ARC System Overview
What Is Automatic Reference Counting?
Every programming language must answer a fundamental question: when a program allocates memory, who decides when to free it? The history of memory management is a history of different answers to this question, each with different tradeoffs between safety, performance, and programmer effort.
Manual memory management puts the burden on the programmer. C requires explicit malloc and free calls; the programmer tracks every allocation’s lifetime and frees it at the right time. This gives maximum control and zero runtime overhead, but it is the single largest source of security vulnerabilities in software history — use-after-free, double-free, and memory leaks account for roughly 70% of critical bugs in large C and C++ codebases (Microsoft Security Response Center, 2019; Google Project Zero data).
Tracing garbage collection automates the problem by periodically scanning the heap to find unreachable objects and freeing them. Java, Go, Python (as a backup), JavaScript, Haskell (GHC), OCaml, and most managed languages use this approach. It eliminates use-after-free entirely, but introduces pause-time unpredictability (stop-the-world collectors), memory overhead (the collector needs headroom to operate efficiently), and throughput cost (typically 5-15% for generational collectors, more for concurrent ones). Languages with GC also tend to allocate more freely, since the cost of allocation is amortized across collection cycles.
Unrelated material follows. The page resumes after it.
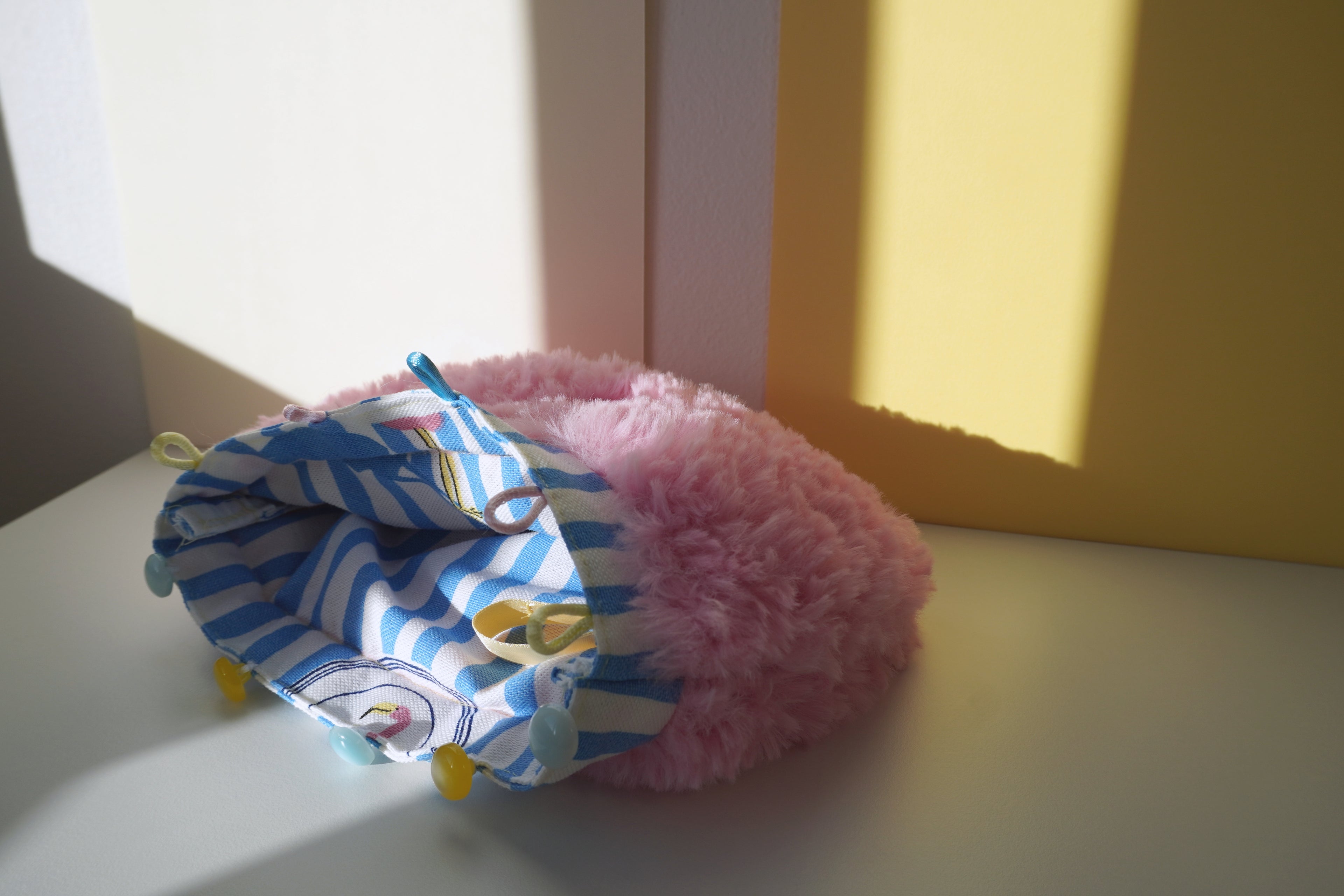 Pink fluffy small purse with a blue and white striped lining on a light surface.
Ownership and borrowing is Rust’s answer: a static type system tracks which variable owns each allocation, and the compiler inserts drop calls at the end of each owner’s scope. Borrows (&T, &mut T) allow temporary access without ownership transfer. This achieves manual-memory-management performance with compile-time safety, but it requires the programmer to think about lifetimes and satisfy the borrow checker — a significant learning curve and a constraint on program architecture (cyclic data structures, self-referential types, and certain patterns require unsafe or smart pointers).
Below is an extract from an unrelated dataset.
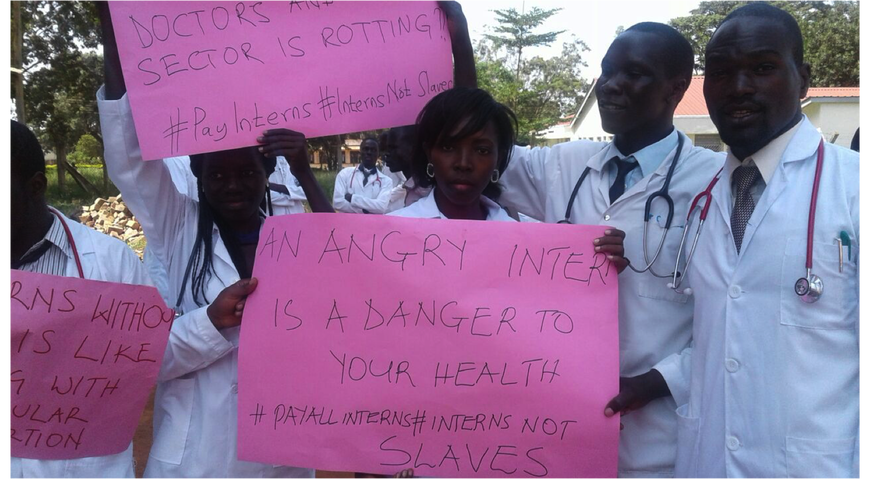 university of medicine faculty holding protest sign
Reference counting tracks how many references point to each allocation. When a reference is created, the count increments; when a reference is destroyed, it decrements; when the count reaches zero, the allocation is freed. Objective-C (manual retain/release), Swift (ARC), Python (primary collector), and Perl use this approach. Reference counting has deterministic destruction (objects are freed immediately when unreachable, not at the next GC pause), low memory overhead (no collector headroom), and predictable latency. But naive reference counting has three significant costs: every reference copy requires an atomic increment, every reference destruction requires an atomic decrement (often followed by a branch to check for zero), and cycles require a separate mechanism.
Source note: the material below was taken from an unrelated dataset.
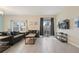 Spacious living area with comfortable seating and access to patio at 830 Pebble Beach Dr, Davenport, FL 33896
Automatic Reference Counting (ARC) is reference counting where the compiler — not the programmer — inserts the increment and decrement operations. The programmer writes code as if memory management doesn’t exist; the compiler analyzes the program’s data flow and places RC operations at precisely the right points. Swift popularized this term, but the concept predates it — Objective-C’s ARC (introduced in 2011) was the first widely-deployed automatic RC system, and Lean 4’s compiler (2020+) showed that aggressive RC optimization could make functional languages competitive with imperative ones.
Where Ori Sits
Ori uses value semantics — every assignment is a logical copy, every variable owns its data, there is no shared mutable state. This is the programming model of pure functional languages and of Swift’s value types. It is the simplest model for programmers to reason about: there are no aliasing bugs, no data races, no spooky action at a distance through shared references.
But value semantics, naively implemented, is catastrophically expensive. Every list push copies the entire list. Every struct update allocates a fresh struct. Every function call that passes a collection duplicates it. A language with value semantics needs an aggressive optimization pipeline to make it practical.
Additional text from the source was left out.